Another Faith and Finances lesson talks about the risks and benefits students face when offered a quick-fix solution to their crisis, like a payday loan or a credit card with a high interest rate. Instead of operating in panic mode, students learn how to just take a moment and research the best options so a health crisis won’t also turn into a financial crisis.
“We talk about how to actually calculate the interest on those different options, and we’ve talked about how to weigh the pros and the cons of each of those options and arriving at a best decision for your family … steering clear of those quick fixes … ” Melonie said. “Not just responding quickly because you’re facing a crisis.”
One class focused on finding different ways to save money. Students offered ideas on everything from eating at home more often, getting rid of cable, taking on a second or third job, to shopping at a thrift store.
The inaugural class of Faith and Finances, set to graduate on September 4, will be “celebrating those relationships and those partnerships that have forged now for people to walk together towards financial goals they have set over the past 12 weeks,” Debbi said.
After the September 4th celebration, alumni groups will meet every six weeks to facilitate opportunities for ongoing relationships and accountability for reaching goals. The CornerStone Initiative believes strongly that these long-term relationships are key to long-term sustainability.
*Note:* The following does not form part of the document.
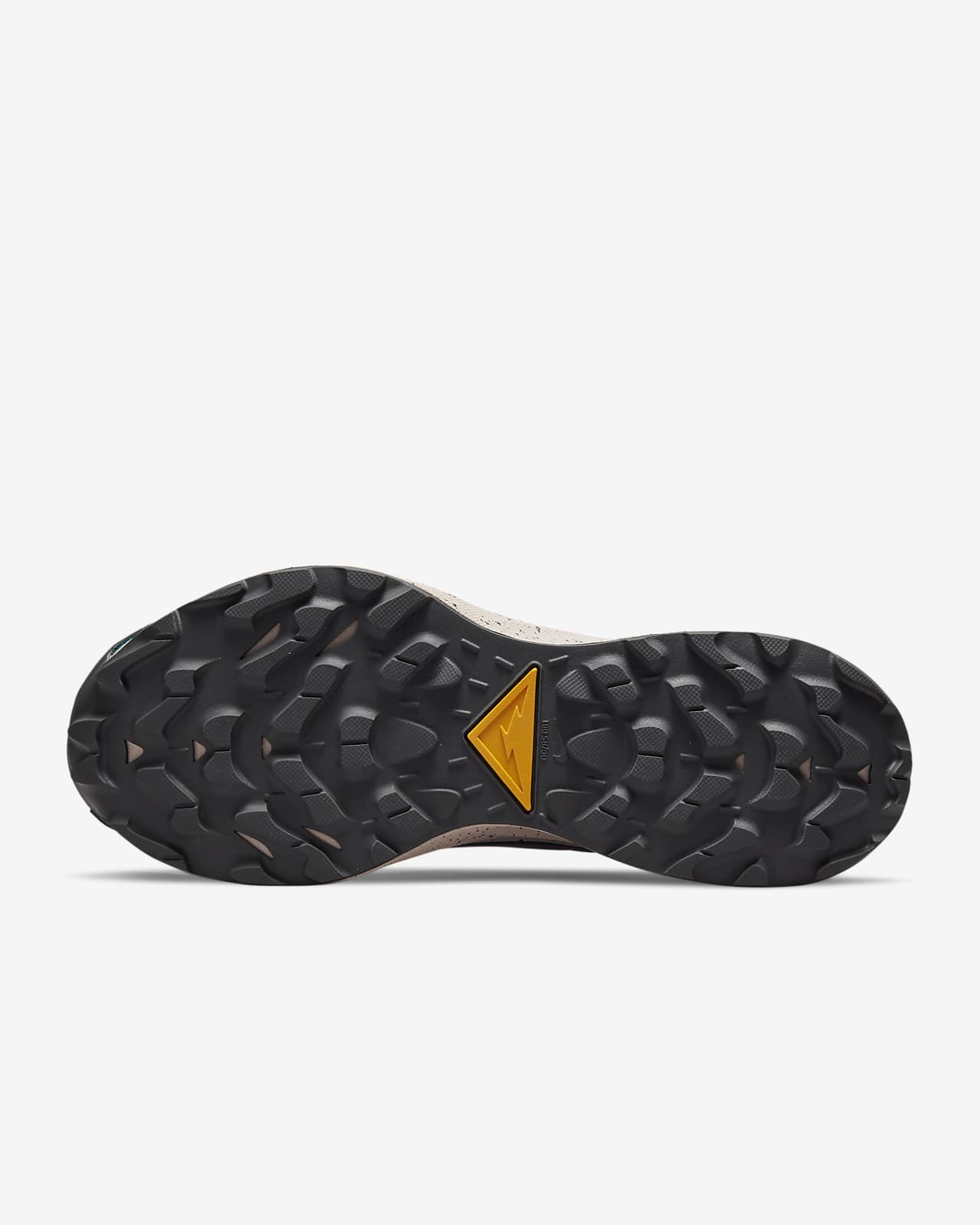 Nike pegasus 29 trail mens Clearance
Jobs for Life and Microsoft Certifications
On September 10, CornerStone will offer its fifth Jobs for Life class. Debbi said the class has been successful in connecting those who want jobs with good work. However, they have learned the classes are often filled with women who need better paying jobs to care for their families but lack the skills to earn much more beyond minimum wage.
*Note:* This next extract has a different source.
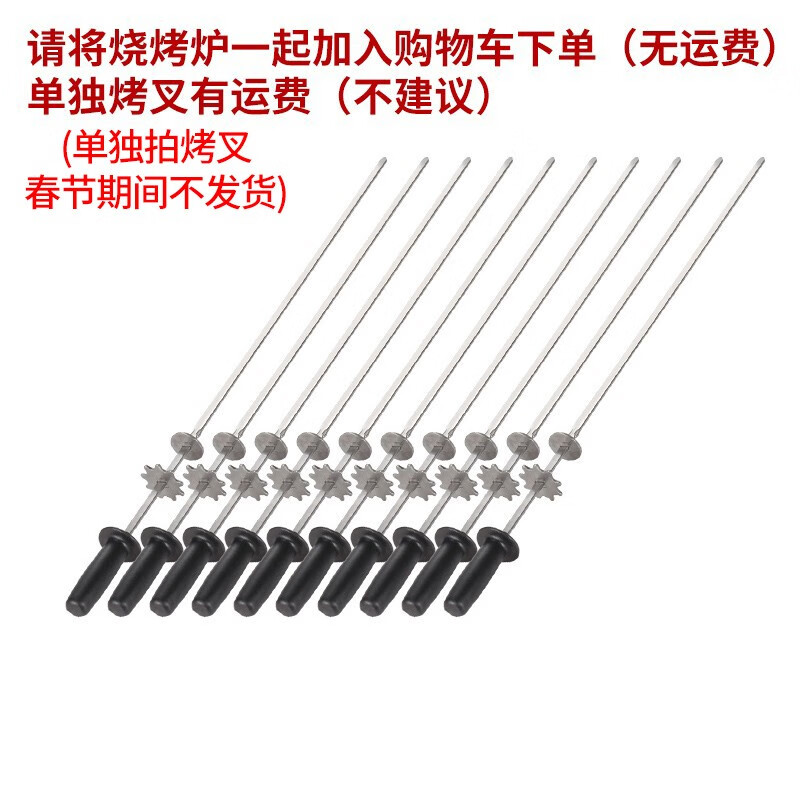 夏季烧烤狂欢，皓彩电烧烤炉价格走势与特点解析|电烧烤炉历史价格插件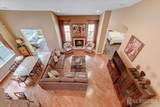 56 Kings Mill Road - Photo 26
As a response to this need, The CornerStone Initiative sought out a partnership with Calhoun Community College. Taking advantage of a grant Calhoun recently received and obtaining a grant of their own through The Community Foundation, CornerStone and Calhoun will now join forces to offer a digital literacy class to Jobs for Life graduates. The class will not only teach basic skills but will take a student all the way through an official Microsoft certification.
“Can you imagine going to an interview and showing an employer your Jobs for Life certificate, along with all of the references that came from participating in that class, and then handing him/her a certificate from Microsoft showing that you are 94% proficient at Excel?” Debbi asked. “That is a game changer!”
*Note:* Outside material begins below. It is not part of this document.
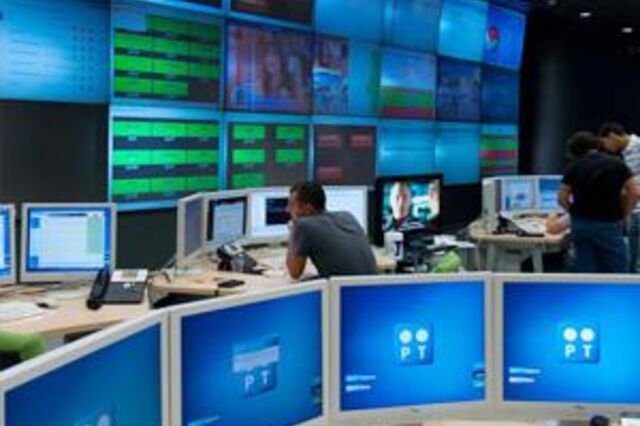 Governo obriga à reutilização de “toners” e tinteiros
When asked what they would like to see with this upcoming season of new initiatives, Melonie and Debbi had the same answer: men.
They want to know: Where are all the men? Where are the men who need jobs and are willing to work? Where are all the men who want to provide for their families and be responsible with their finances?
Classes at Jobs for Life, and even at Faith and Finances, are most often disproportionally female. Currently, out of 20 upcoming Faith and Finances graduates, only two are male.
CornerStone is in touch with countless employers who are looking for hard workers, but many of those jobs tend to be filled by men. We’re not saying women can’t do irrigation or construction — ladies, you can do anything you want to do. We’re just saying there are several men-tailored jobs available.
So again, we ask: Where are the male students?
If you know of a man or a woman who is looking to better themselves or their situation, let them know about The CornerStone Initiative and the two initiatives they have coming up.
The next Jobs for Life class will start on September 10 and will meet Mondays and Thursdays.
The digital literacy course will start in early spring 2019, and the next round of Faith and Finances will be in late spring 2019.